Records provided below:
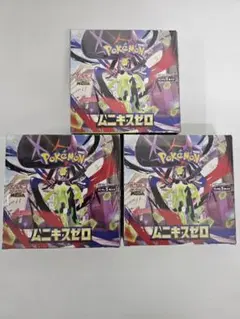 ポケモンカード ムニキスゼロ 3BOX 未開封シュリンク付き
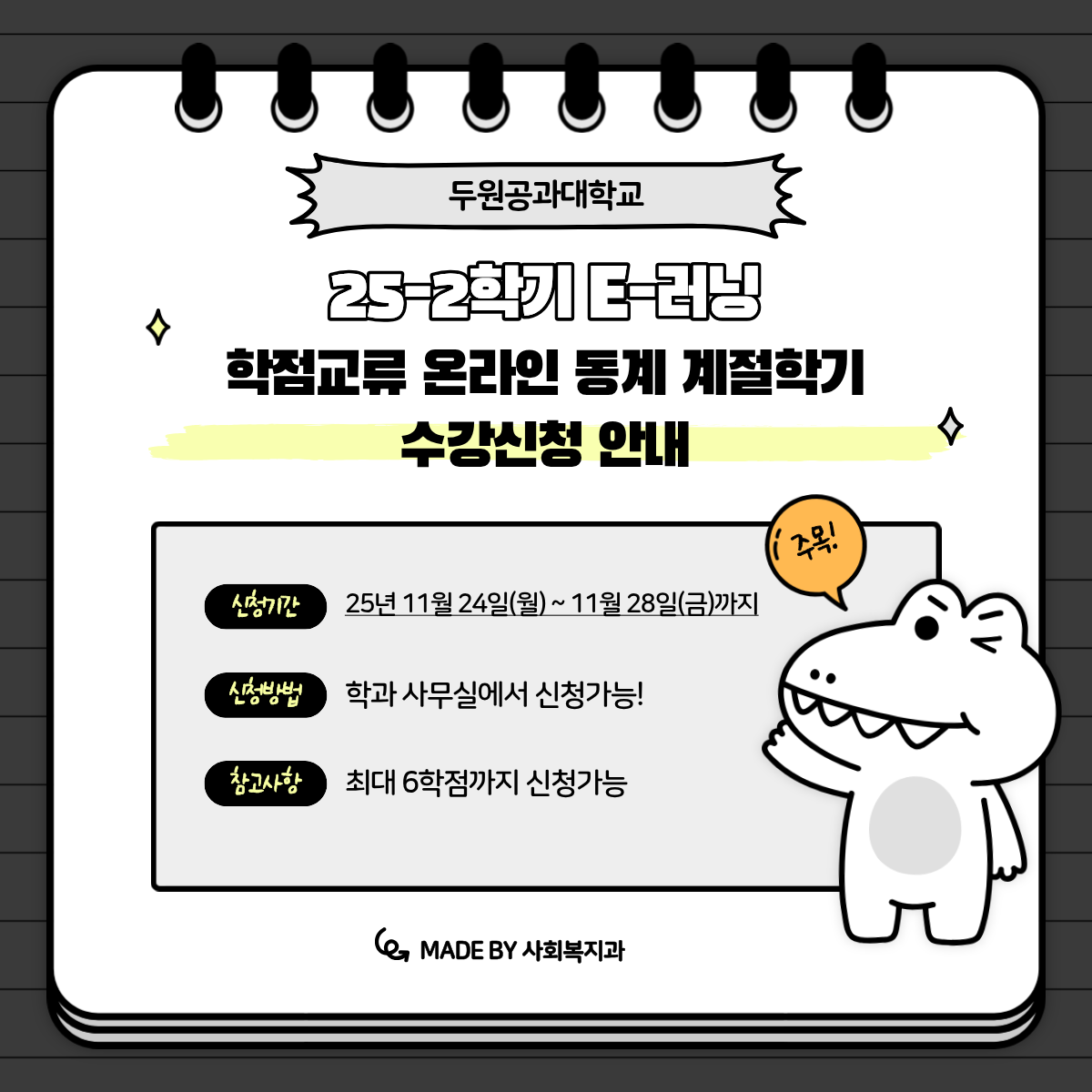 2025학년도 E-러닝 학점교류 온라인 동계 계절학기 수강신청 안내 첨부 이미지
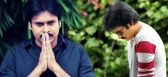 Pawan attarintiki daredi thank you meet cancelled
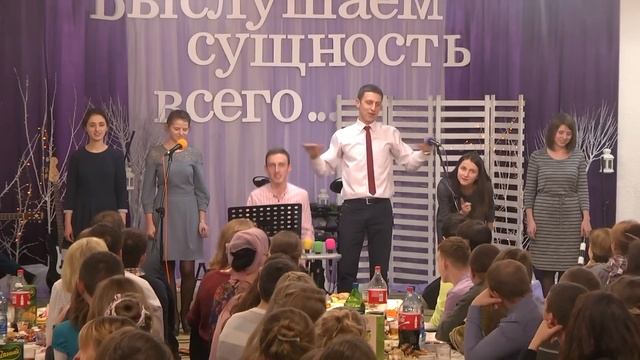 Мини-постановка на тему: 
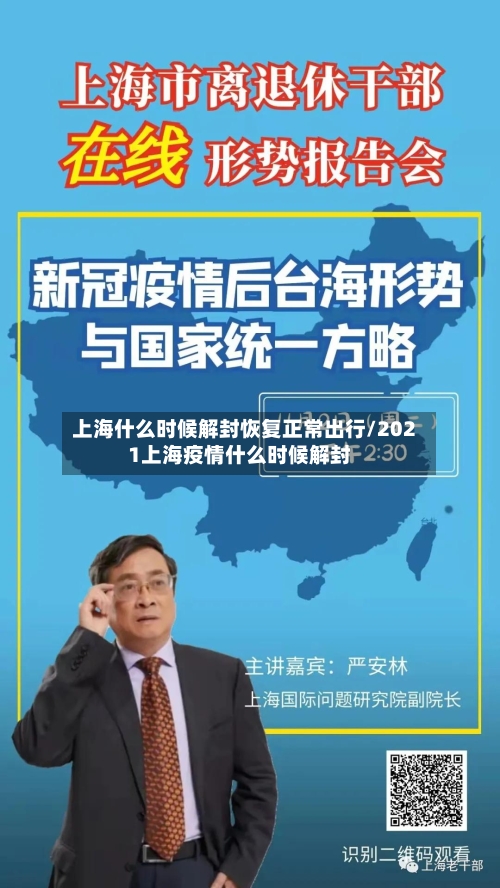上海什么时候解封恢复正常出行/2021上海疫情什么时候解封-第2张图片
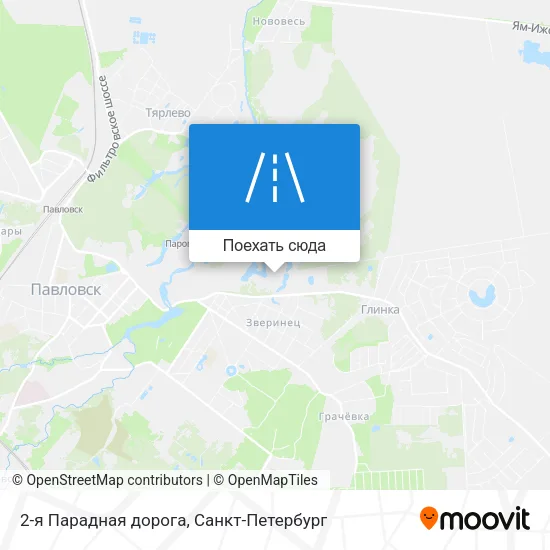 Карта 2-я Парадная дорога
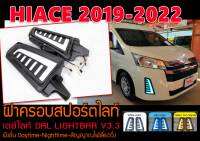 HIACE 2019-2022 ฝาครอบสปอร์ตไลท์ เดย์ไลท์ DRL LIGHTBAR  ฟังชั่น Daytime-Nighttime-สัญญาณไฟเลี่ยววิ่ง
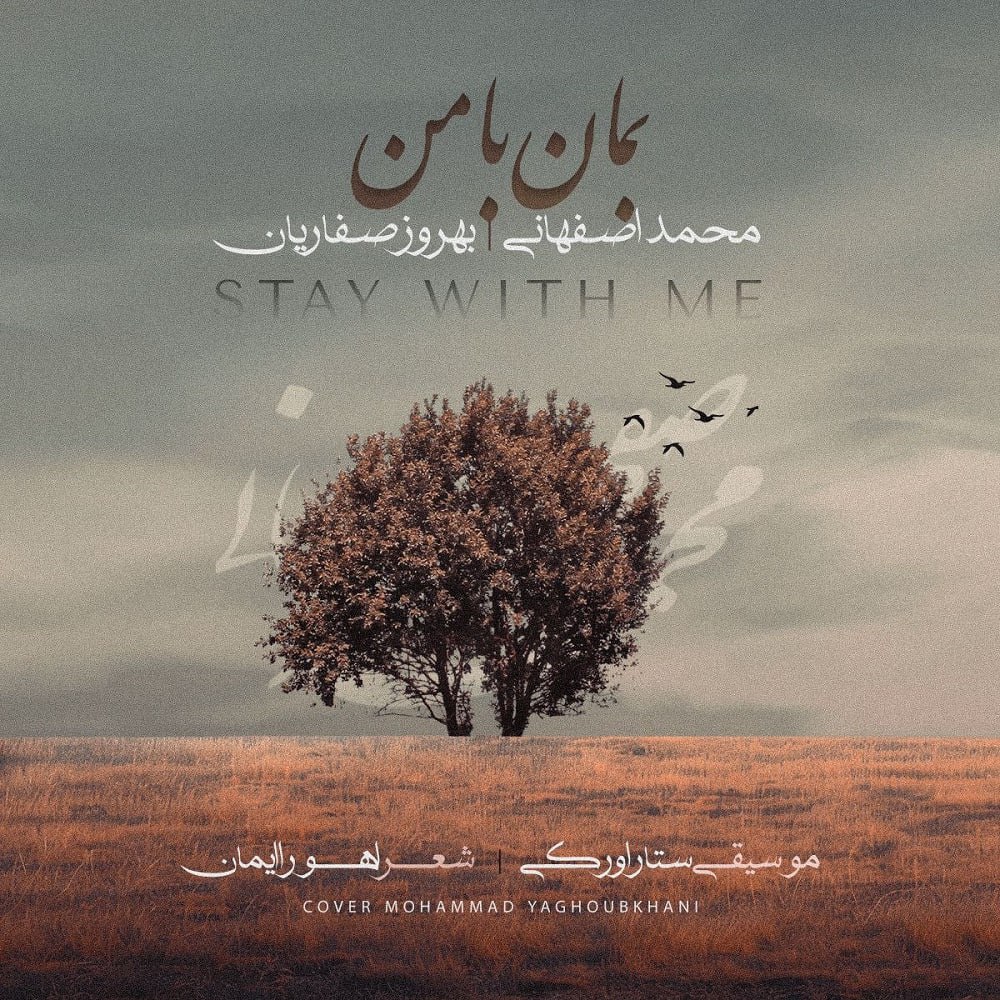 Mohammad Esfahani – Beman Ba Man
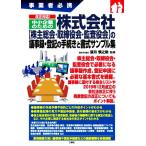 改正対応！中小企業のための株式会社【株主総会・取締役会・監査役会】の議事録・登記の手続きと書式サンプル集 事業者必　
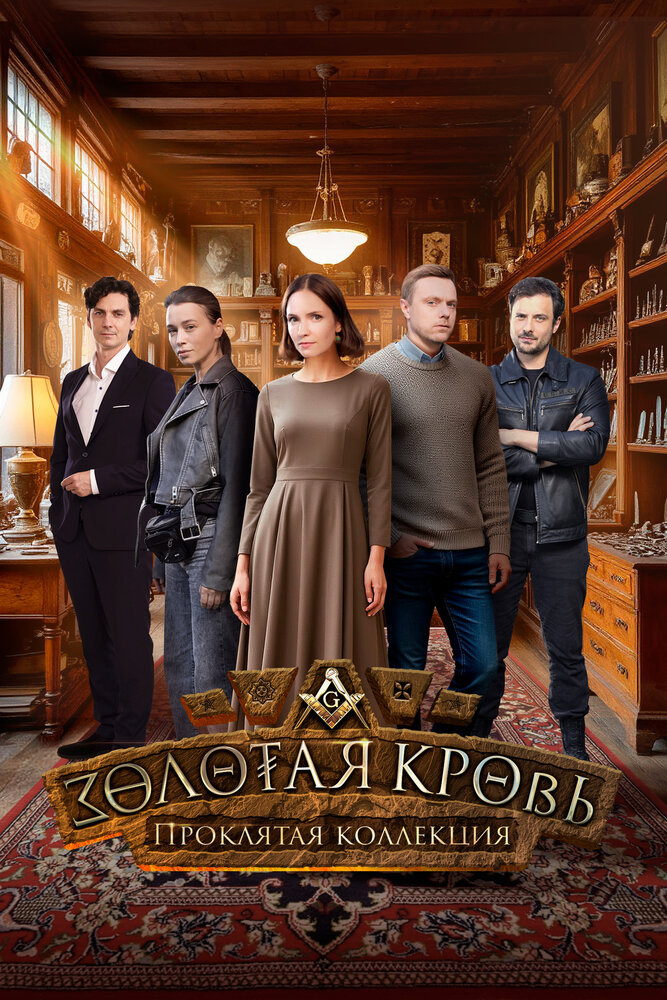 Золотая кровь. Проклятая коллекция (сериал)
End of Records provided.
### Your instructions
Your answer must be an exact reproduction of all entries, containing no pictures.

### Written answer
 ポケモンカード ムニキスゼロ 3BOX 未開封シュリンク付き
 2025학년도 E-러닝 학점교류 온라인 동계 계절학기 수강신청 안내 첨부 이미지
 Pawan attarintiki daredi thank you meet cancelled
 Мини-постановка на тему: 
上海什么时候解封恢复正常出行/2021上海疫情什么时候解封-第2张图片
 Карта 2-я Парадная дорога
 HIACE 2019-2022 ฝาครอบสปอร์ตไลท์ เดย์ไลท์ DRL LIGHTBAR  ฟังชั่น Daytime-Nighttime-สัญญาณไฟเลี่ยววิ่ง
 Mohammad Esfahani – Beman Ba Man
 改正対応！中小企業のための株式会社【株主総会・取締役会・監査役会】の議事録・登記の手続きと書式サンプル集 事業者必　
 Золотая кровь. Проклятая коллекция (сериал)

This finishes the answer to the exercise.